La Terrasse

"La culture est une résistance à la distraction" Pasolini

Avignon / 2011 - Entretien Serge Barbuscia

Blessures familiales

Blessures familiales - Critique sortie Avignon / 2011

Publié le 10 juillet 2011

Emmanuelle Brunschwig, Pauline Jambet et le contrebassiste Eugenio Romano investissent Bats l’enfance d’Adeline Picault. Une histoire d’amour et de violence entre une mère et sa fille mise en scène par Serge Barbuscia.

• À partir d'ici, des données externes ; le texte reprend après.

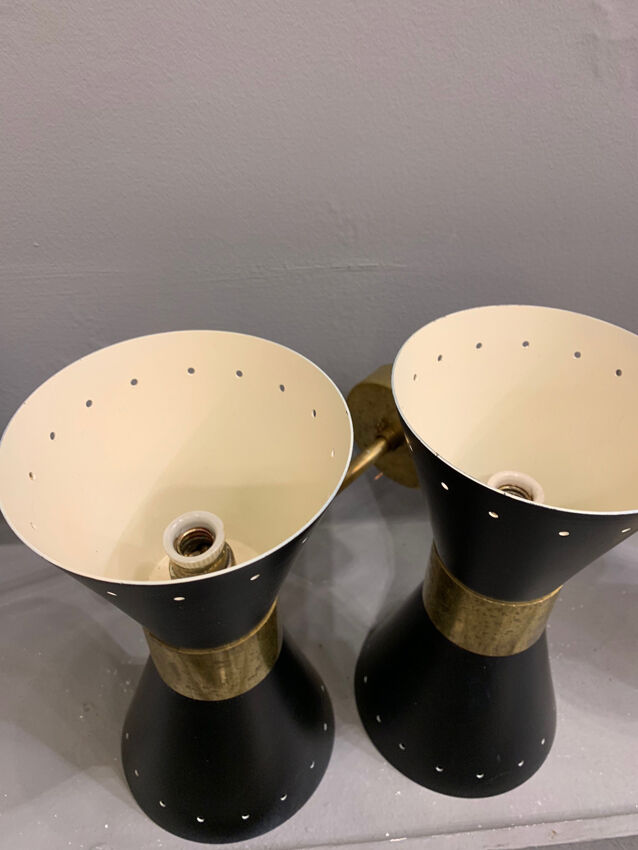 Wall lamps in the style of Italian creations of the 50s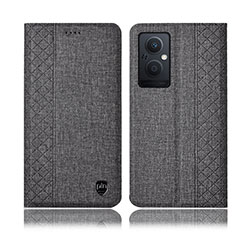 OnePlus Nord N20 5G用手帳型 布 スタンド H14P OnePlus グレー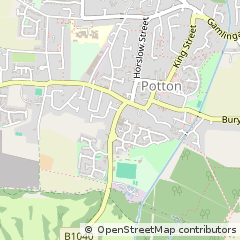 Map of Potton, Bedfordshire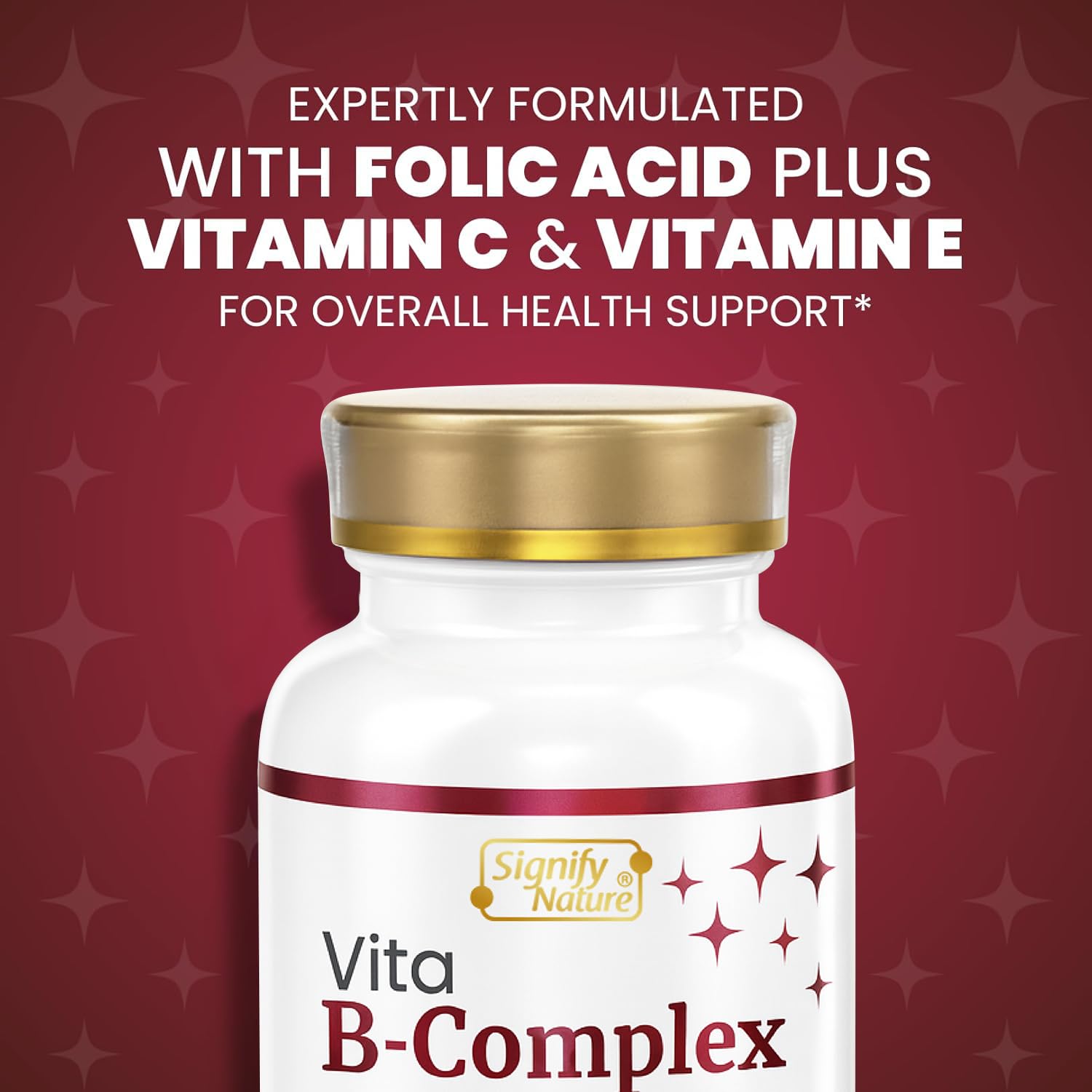 SIGNIFY NATURE VitaBComplex wellness routine image conveys everyday vitality and focus.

Votre parcours de metteur en scène est lié à de nombreux auteurs vivants. Quel sens donnez-vous à votre engagement pour les écritures contemporaines ?
Serge Barbuscia : Comment ne pas s’intéresser à ce qui s’écrit aujourd’hui ? Comment ne pas regarder devant soi ? Le Théâtre continue à s’écrire, à se rêver avec des mots (des maux) d’aujourd’hui et j’éprouve la nécessité, le besoin de me confronter à ces écritures. J’aime à penser que les textes entendus pour la première fois seront peut-être les classiques de demain. Le théâtre, c’est du vivant, c’est de l’instantané.
 
Comment pourriez-vous caractériser la relation intime qui vous relie aux mots ?
S. B. : Je ne recherche pas en priorité les mots. On sait d’ailleurs que les silences, au théâtre, pèsent de tout leur poids. Souvent, c’est le thème qui m’intéresse. La plupart du temps, je commence à comprendre une pièce par sa musique, son rythme, puis ensuite je perçois sa projection pour enfin retrouver les mots, les phrases… Il est très difficile de définir par où tout cela passe : sans doute par une sorte d’instinct.
 
« Le théâtre, c’est du vivant, c’est de l’instantané. »
 
Qu’est-ce qui vous a décidé à mettre en scène Bats l’enfance ?
S. B. : L’équipe du Théâtre du Balcon et moi-même fréquentons l’écriture d’Adeline Picault depuis 2008. Nous avons invité à plusieurs reprises cette auteure pour des lectures de ses pièces. C’est dans le cadre de ces lectures que nous avons repéré Bats l’enfance. Quelque chose de particulier, de neuf se dégage de son écriture. Dans un style souvent syncopé, les mots frappent sec pour mieux nous livrer leurs personnages. Et les personnages sont d’aujourd’hui, près de nous. Dans Bats l’enfance, Adeline Picault alterne de longs monologues et des scènes dialoguées. Cette pièce traite des rapports conflictuels entre une mère et sa fille. Lyly est une adolescente qui rêve, comme toutes les filles de son âge, d’amour et de liberté. Elle est battue par sa mère. Mais ce n’est pas la mère qui frappe son enfant, c’est la femme. Leur séparation est inéluctable. Cette séparation résonne comme une délivrance, comme un deuxième accouchement procurant à la fois de la souffrance et du bonheur.
 
Pourquoi avez-vous souhaité faire intervenir un contrebassiste sur scène ?
S. B. : J’ai pour habitude de travailler les textes de théâtre comme des partitions. Au-delà du sens profond, je cherche les rythmes, les mélodies, les silences que les phrases elles-mêmes m’imposent. C’est dans ce découpage minutieux, où les mots laissent glisser le sens, que j’ai ressenti le besoin d’un troisième personnage pour compléter ce qui n’est pas écrit, pour affirmer, voire sublimer les silences. D’emblée, j’ai pensé à une contrebasse solo. Peut-être à cause de la forme de cet instrument qui rappelle l’apparence humaine, mais aussi à cause de sa taille, qui peut renvoyer au malaise que ressentent certains adolescents face à un corps qui grandit trop vite.
 
Entretien réalisé par Manuel Piolat Soleymat


Avignon Off. Bats l’enfance, d’Adeline Picault ; mise en scène de Serge Barbuscia. Du 7 au 30 juillet 2011, à 15h45. Théâtre du Balcon, 38, rue Guillaume-Puy. Tél. : 04 90 85 00 80.